Replicate the correspondence analysis (CA) on household chores.

Source: http://www.sthda.com/english/articles/31-principal-component-methods-in-r-practical-guide/113-ca-correspondence-analysis-in-r-essentials/

Get the data

A German sample in young, married, heterosexual couples in the late 1970s, see more https://www.tandfonline.com/doi/abs/10.1207/S15327906MBR3403_4

library(factoextra)
head(housetasks)

Graph contingency tables and run a chi-square test

library(gplots)
dt <- as.table(as.matrix(housetasks))
balloonplot(
  t(dt),
  main = "housetasks",
  xlab = "",
  ylab = "",
  label = F,
  show.margins = FALSE
)
chisq.test(housetasks)
chisq.test(housetasks)$stdres

Compute CA

library(FactoMineR)
res.ca <- CA(housetasks, graph = FALSE) # argument ncp: number of dimensions kept in the final results
print(res.ca)

Eigenvalues / Inertia

“Our data contains 13 rows and 4 columns.

If the data were random, the expected value of the eigenvalue for each axis would be 1/(nrow(housetasks)-1) = 1/12 = 8.33% in terms of rows.

Likewise, the average axis should account for 1/(ncol(housetasks)-1) = 1/3 = 33.33% in terms of the 4 columns.”

res.ca$eig
fviz_screeplot(res.ca) +
 geom_hline(yintercept = 33.33, linetype = 2, color = "red")

Biplot

“Symmetric plot represents the row and column profiles simultaneously in a common space.
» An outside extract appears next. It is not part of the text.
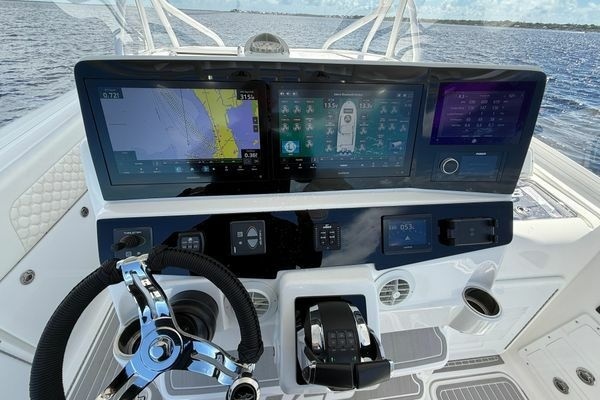 35ft Hydra Sports Yacht For Sale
In this case, only the distance between row points or the distance between column points can be really interpreted.

The distance between any row and column items is not meaningful! You can only make a general statements about the observed pattern.

In order to interpret the distance between column and row points, the column profiles must be presented in row space or vice versa. This type of map is called asymmetric biplot.”
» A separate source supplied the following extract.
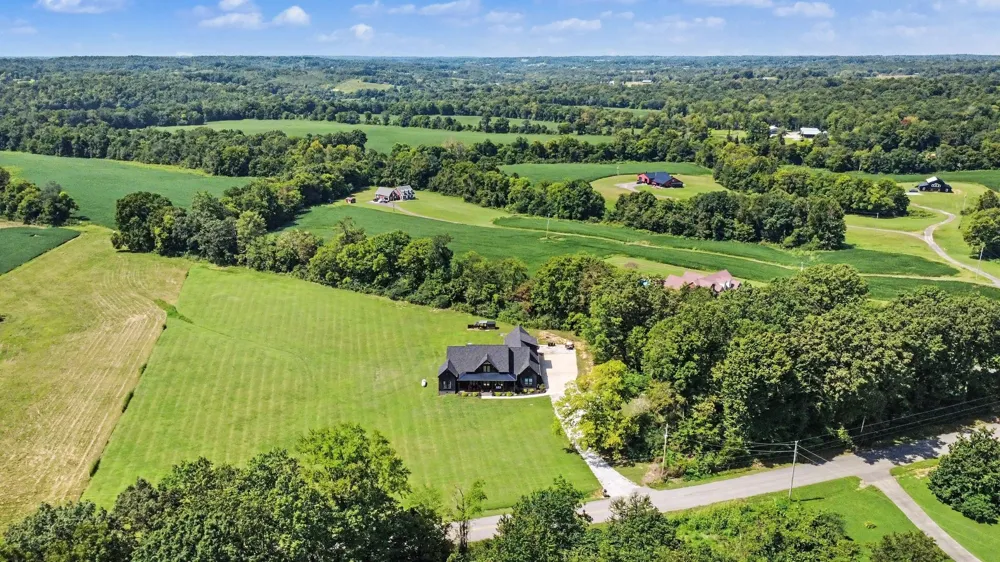 5456 Epps Rd Southside, TN 37171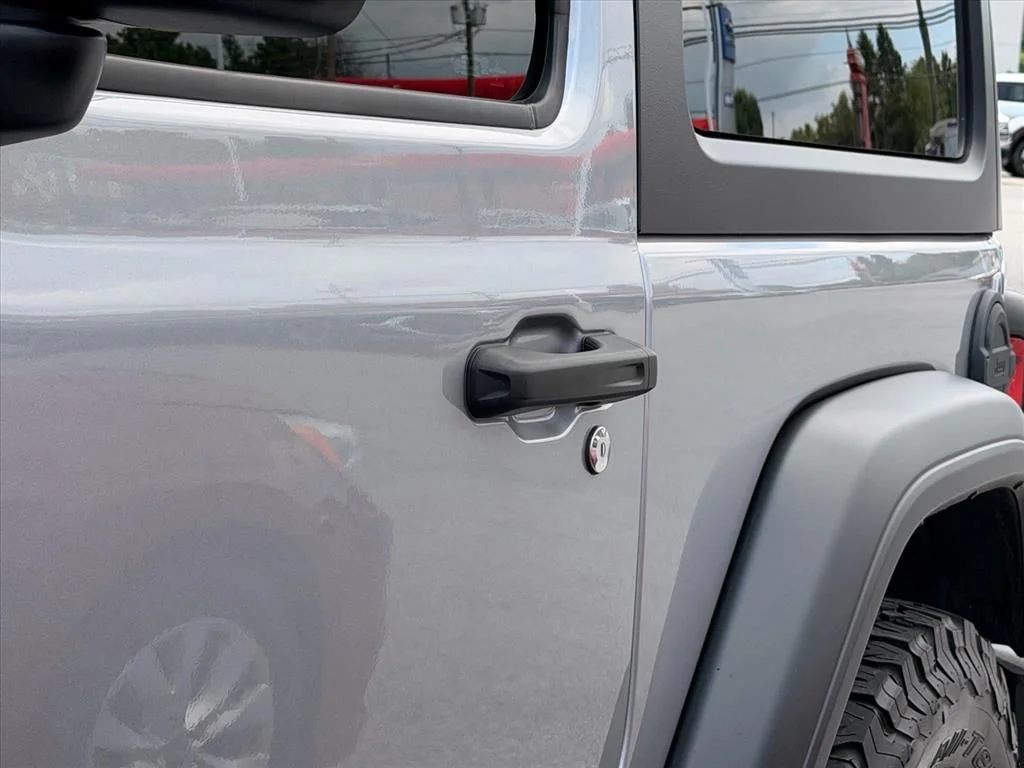 Used 2019 Silver Jeep Sport S image 9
fviz_ca_biplot(res.ca, repel = TRUE)

Graph of row variables

“If a row item is well represented by two dimensions, the sum of the cos2 is closed to one. For some of the row items, more than 2 dimensions are required to perfectly represent the data.”

fviz_ca_row(res.ca, repel = TRUE)
fviz_ca_row(res.ca, alpha.row = "cos2", repel = TRUE)
library(corrplot)
corrplot(res.ca$row$cos2, is.corr = FALSE)

Contributions of rows to the dimensions

“Rows that contribute the most to Dim.1 and Dim.2 are the most important in explaining the variability in the data set.”

“It’s possible to use the function `corrplot()’ to highlight the most contributing row points for each dimension:”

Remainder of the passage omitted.